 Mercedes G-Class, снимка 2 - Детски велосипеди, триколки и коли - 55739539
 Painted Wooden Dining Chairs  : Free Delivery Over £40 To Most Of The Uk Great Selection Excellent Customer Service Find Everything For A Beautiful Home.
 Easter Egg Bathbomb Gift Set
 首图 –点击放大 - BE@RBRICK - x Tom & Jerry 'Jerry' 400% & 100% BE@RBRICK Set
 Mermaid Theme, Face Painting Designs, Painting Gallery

+++++

Task prompt:
Keep to the lines from the one containing "首图 –点击放大 - BE@RBRICK" to the end of the entries above, and retype them exactly.

Solution to the problem:
 首图 –点击放大 - BE@RBRICK - x Tom & Jerry 'Jerry' 400% & 100% BE@RBRICK Set
 Mermaid Theme, Face Painting Designs, Painting Gallery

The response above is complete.